There is a slightly cryptic message at the end of

https://devtalk.nvidia.com/default/topic/934562/cuda-programming-and-performance/nvidia-pascal-titan-x-geforce-gtx-1080-gtx-1070-amp-gtx-1060/9

which says that shared memory is bugged in the latest driver. Could that be your issue?

Could be… Trying to verify via cuda racecheck tools.

A more general question I have for NVIDIA is how to sync a warp with a barrier so that all shared memory updates are completed and ready to be read by all the threads in that warp.

Using CUDA 8 RC the following does NOT work, though maybe I am using it incorrectly;

//each thread in a warp (lanes 0-31) updates a single adjacent 8 byte value in __shared__ memory

//then inline asm...

	 asm volatile(  "membar.cta;" );

//then all threads in that warp enter a loop where they read from the just updated __shared__ memory.

According the the PTX ISA documentation;

Section 8.7.21.2 of the same PTX document regarding membar:

“Waits for all prior memory accesses requested by this thread to be performed at the CTA, global, or system memory level. level describes the scope of other clients for which membar is an ordering event.
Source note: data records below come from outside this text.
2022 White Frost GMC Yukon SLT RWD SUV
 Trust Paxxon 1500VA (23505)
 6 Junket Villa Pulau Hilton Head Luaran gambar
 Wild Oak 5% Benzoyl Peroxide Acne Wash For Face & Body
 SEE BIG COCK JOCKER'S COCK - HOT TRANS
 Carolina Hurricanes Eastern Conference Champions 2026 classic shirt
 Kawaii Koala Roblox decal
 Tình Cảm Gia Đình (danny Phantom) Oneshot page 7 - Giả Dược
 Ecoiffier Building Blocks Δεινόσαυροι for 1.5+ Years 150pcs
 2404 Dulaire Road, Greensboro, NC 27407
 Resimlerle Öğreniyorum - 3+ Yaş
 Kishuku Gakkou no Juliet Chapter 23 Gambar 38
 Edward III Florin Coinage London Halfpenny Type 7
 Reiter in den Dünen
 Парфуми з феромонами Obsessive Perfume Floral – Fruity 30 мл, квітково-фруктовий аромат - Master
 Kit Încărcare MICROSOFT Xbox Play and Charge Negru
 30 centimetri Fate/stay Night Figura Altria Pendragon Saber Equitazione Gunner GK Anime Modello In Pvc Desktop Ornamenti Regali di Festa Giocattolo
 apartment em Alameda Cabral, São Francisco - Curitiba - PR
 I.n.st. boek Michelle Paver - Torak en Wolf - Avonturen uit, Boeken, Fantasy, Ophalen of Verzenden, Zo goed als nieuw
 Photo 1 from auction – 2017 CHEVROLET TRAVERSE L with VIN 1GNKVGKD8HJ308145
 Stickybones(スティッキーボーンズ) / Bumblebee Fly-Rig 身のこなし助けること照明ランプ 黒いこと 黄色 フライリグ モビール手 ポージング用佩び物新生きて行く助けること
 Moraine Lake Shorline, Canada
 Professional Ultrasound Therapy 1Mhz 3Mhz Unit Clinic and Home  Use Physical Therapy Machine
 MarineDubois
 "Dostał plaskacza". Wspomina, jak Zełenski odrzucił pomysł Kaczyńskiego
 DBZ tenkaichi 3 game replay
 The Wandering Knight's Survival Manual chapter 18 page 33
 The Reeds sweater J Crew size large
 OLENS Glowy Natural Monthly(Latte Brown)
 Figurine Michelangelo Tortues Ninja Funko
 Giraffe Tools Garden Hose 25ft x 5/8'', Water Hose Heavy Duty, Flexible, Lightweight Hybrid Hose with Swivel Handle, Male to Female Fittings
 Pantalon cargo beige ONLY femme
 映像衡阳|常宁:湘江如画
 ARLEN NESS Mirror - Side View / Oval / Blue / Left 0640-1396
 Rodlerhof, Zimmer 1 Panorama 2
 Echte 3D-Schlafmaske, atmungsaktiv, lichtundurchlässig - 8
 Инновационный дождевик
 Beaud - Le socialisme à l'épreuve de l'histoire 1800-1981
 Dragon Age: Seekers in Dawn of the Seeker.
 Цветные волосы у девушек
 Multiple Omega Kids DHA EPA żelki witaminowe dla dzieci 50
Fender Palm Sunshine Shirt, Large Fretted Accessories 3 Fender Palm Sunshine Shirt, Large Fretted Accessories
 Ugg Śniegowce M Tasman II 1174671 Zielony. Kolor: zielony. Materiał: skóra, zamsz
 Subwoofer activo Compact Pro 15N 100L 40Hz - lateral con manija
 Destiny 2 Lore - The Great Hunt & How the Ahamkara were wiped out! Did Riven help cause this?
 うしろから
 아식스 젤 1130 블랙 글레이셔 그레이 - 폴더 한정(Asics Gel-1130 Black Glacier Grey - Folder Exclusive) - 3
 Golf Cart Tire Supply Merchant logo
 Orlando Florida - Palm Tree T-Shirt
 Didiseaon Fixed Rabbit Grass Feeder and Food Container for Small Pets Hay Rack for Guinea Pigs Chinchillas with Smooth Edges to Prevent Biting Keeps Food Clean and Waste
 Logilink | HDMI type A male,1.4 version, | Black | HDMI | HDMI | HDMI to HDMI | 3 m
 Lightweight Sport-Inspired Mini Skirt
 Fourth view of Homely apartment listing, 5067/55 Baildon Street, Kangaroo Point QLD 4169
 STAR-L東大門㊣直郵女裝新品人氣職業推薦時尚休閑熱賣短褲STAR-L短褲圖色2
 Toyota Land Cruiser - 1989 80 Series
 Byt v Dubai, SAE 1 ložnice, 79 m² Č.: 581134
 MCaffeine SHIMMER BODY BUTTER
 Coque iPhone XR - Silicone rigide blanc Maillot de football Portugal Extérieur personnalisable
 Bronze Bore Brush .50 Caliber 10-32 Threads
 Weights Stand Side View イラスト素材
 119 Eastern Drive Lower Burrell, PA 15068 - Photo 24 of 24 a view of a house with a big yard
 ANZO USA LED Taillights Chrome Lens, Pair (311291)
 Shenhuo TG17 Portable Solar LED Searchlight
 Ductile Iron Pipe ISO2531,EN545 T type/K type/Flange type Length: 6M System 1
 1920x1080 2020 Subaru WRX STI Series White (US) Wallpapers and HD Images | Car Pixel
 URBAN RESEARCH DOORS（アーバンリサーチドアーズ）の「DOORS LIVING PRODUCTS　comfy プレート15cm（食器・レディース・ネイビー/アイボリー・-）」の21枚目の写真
Thread execution resumes after a membar when the thread’s prior memory writes are visible to other threads at the specified level, and memory reads by this thread can no longer be affected by other thread writes.”

In the end I am just trying to make a warp wait until all shared values are ready to be read by the threads in that warp (and only that warp).
In CUDA 7.5 it seems to do this correctly every time without any membar.cta or bar.sync, but with CUDA 8.0 RC the only way I can accomplish this is to force lane 0 to do all the shared memory updates.

any one of the following approaches, all are documented in the CUDA programming guide:

  1. __syncthreads(); // be sure to adhere to usage requirements

  2. mark the shared memory in question as volatile

  3. __threadfence_block();

I’ll add my $0.02…

Warp lanes are coherent.

The shared memory pattern you describe sounds legit to me and you should not need any barriers or synchronization.

Is it possible that the global memory region is being read/written by more than one warp?

It is possible there is a bug elsewhere in your code?

As I’ve noted before on this forum, nasty PTXAS bugs have been found in the past – especially at the highest optimization level.

As long as it is marked volatile.

The shared memory “pattern” described involves 2 salient features:

  1. All threads write to shared memory, albeit perhaps each thread is only writing to one location
  2. All threads read from shared memory, including reading from multiple locations.

One of the optimizations the compiler is allowed to make (unless you mark the shared memory as volatile), is to “optimize” a shared memory location into a register. This can persist for as long as the compiler deems appropriate, unless a particular memory barrier is hit, or execution-barrier-with-a-memory-barrier-built-in.

volatile should prevent the compiler from making said optimizations.